Data extract:
********************

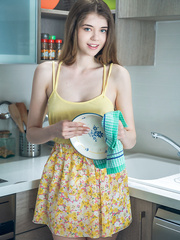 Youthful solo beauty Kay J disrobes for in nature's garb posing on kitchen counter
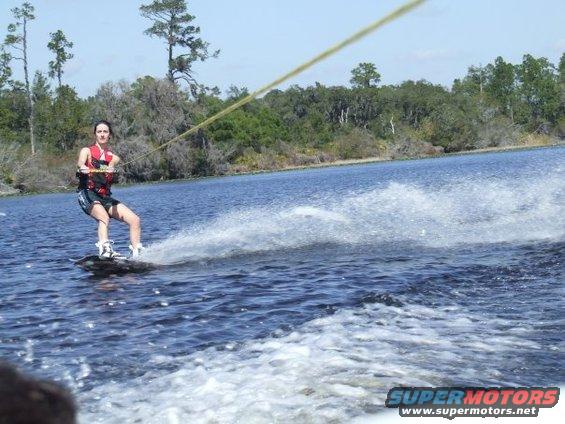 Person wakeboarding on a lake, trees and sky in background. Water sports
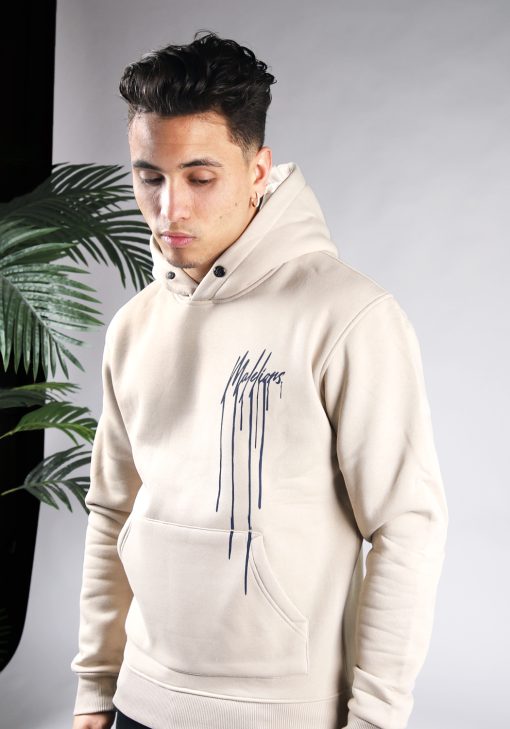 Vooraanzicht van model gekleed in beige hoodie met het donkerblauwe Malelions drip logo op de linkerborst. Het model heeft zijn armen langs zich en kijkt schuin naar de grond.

********************

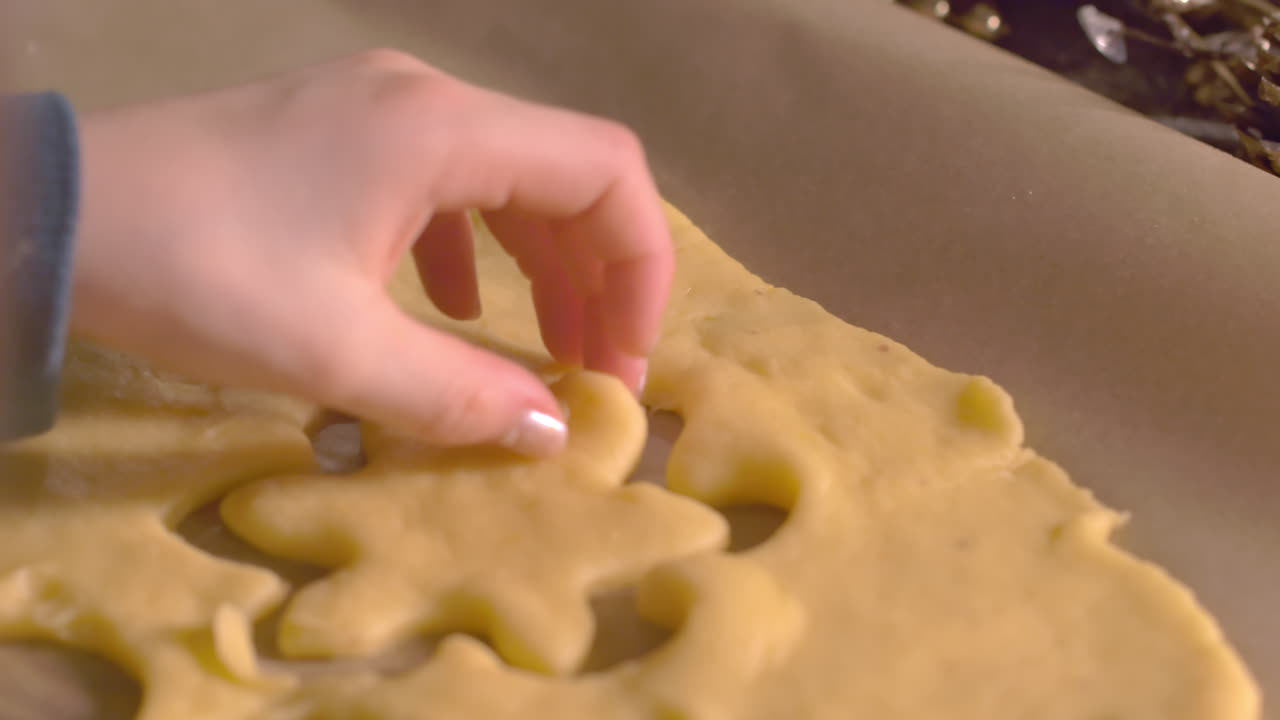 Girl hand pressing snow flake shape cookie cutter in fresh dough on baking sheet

********************

Task item: Only one part of the material above is wanted: the lines from the one with "Person wakeboarding on" up to and including the one with "Vooraanzicht van model". Please copy them exactly, pictures left out.

Answer to the problem:
 Person wakeboarding on a lake, trees and sky in background. Water sports
 Vooraanzicht van model gekleed in beige hoodie met het donkerblauwe Malelions drip logo op de linkerborst. Het model heeft zijn armen langs zich en kijkt schuin naar de grond.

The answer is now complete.